Въ общемъ видѣ я бы сформулировалъ такъ. Въ философіи прусскій король, конечно, дилетантъ. Но онъ умный человѣкъ и участникъ интеллектуальнаго движенія эпохи. Кромѣ того, онъ король не самаго слабаго и весьма амбиціознаго государства, а стало быть, его вліяніе нѣсколько побольше, чѣмъ у простаго смертнаго. Рядомъ съ Вольтеромъ и Дидеротомъ онъ ведомый (не вслѣпую, разумѣется, у него свой острый умъ и богатый жизненный опытъ), рядомъ съ общественнымъ мнѣніемъ - не только своего королевства - онъ ведущій. Въ принципѣ, въ свою мѣру интересны размышленія и воспоминанія любаго человѣка; Фридриха - сильно выше средняго. Это мысли человѣка, въ квадратѣ вліятельнаго умомъ и положеніемъ.
Дальше мнѣ, конечно, можно спокойно не вѣрить.

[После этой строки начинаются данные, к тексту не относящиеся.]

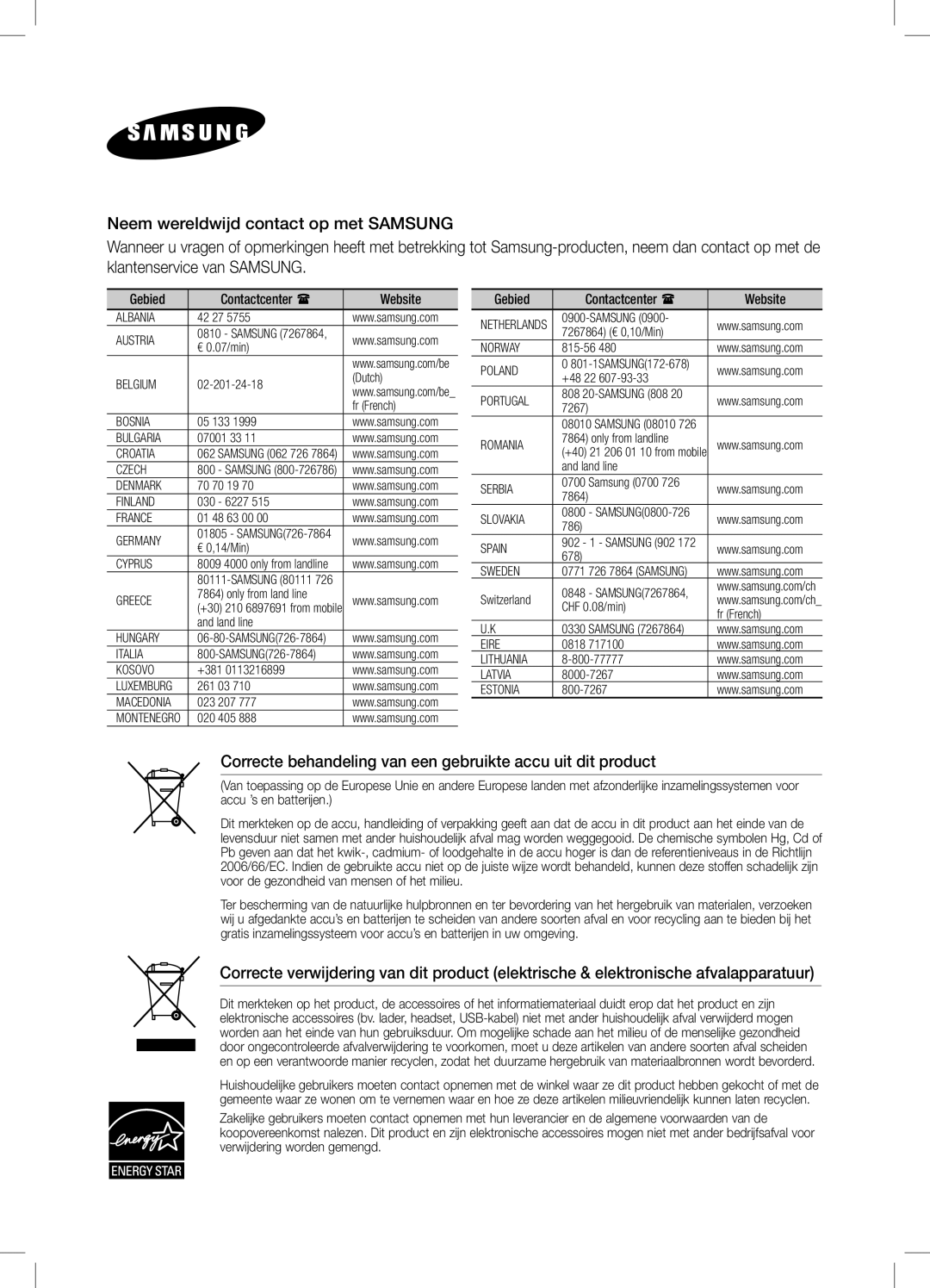 Samsung DA-E550/XN, DA-E550/TK, DA-E550/EN, DA-E550/ZF manual Correcte behandeling van een gebruikte accu uit dit product 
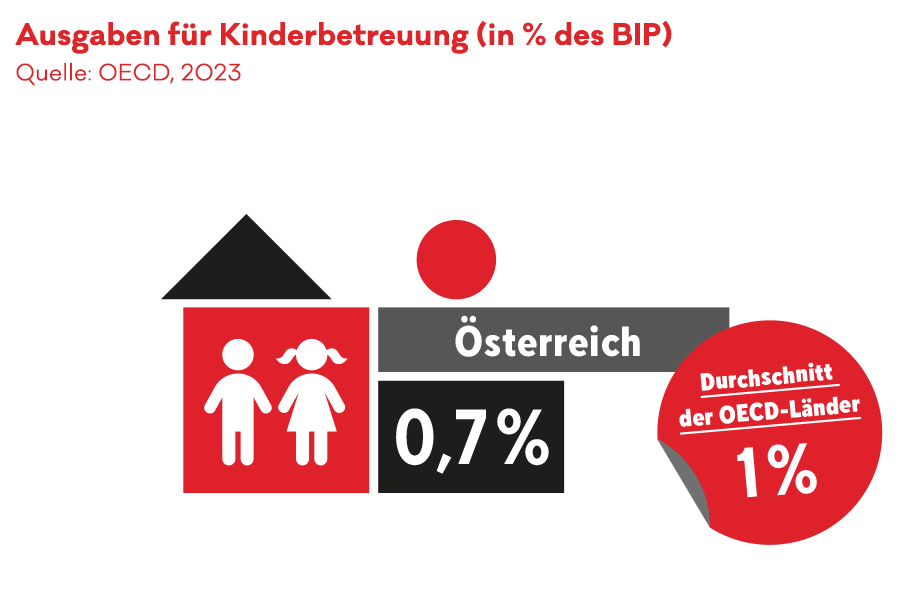 Inforgrafik zu Infografik zur Theorie Armut ist Politikversagen: Ausgaben für Kinderbetreuung in Prozent vom BIP in Österreich.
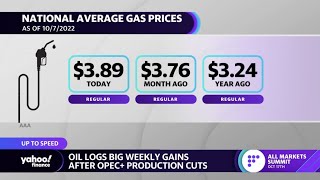 Gas prices rise amid OPEC+ production cut, labor force participation rate dips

XVIII вѣкъ - не въ архитектурѣ, не въ живописи и музыкѣ, а какъ разъ въ словесности - очень труденъ для воспріятія. Это канунъ словесной революціи (я включилъ въ книгу ругань Фридриха въ адресъ Шекспира и Гёте) и предѣльное отклоненіе отъ того пути, по которому, какъ намъ хочется думать, словесность должна шествовать. Но въ послѣднее время меня стала занимать мысль, что въ интеллектуальномъ отношеніи мы дѣти XVII в., а въ нравственномъ - XVIII (можно спроецировать Соборное уложеніе на времена Александра I и посмотрѣть, насколько былъ пріемлемъ тогда такой юридическій памятникъ). Если это такъ, XVIII в. вправѣ притязать на вниманіе просвѣщенной публики. Разумѣется, сочиненія Фридриха - лишь одинъ изъ памятниковъ интеллектуальнаго движенія эпохи и какъ таковой не имѣетъ самостоятельнаго значенія; но любое цѣлое складывается изъ фрагментовъ.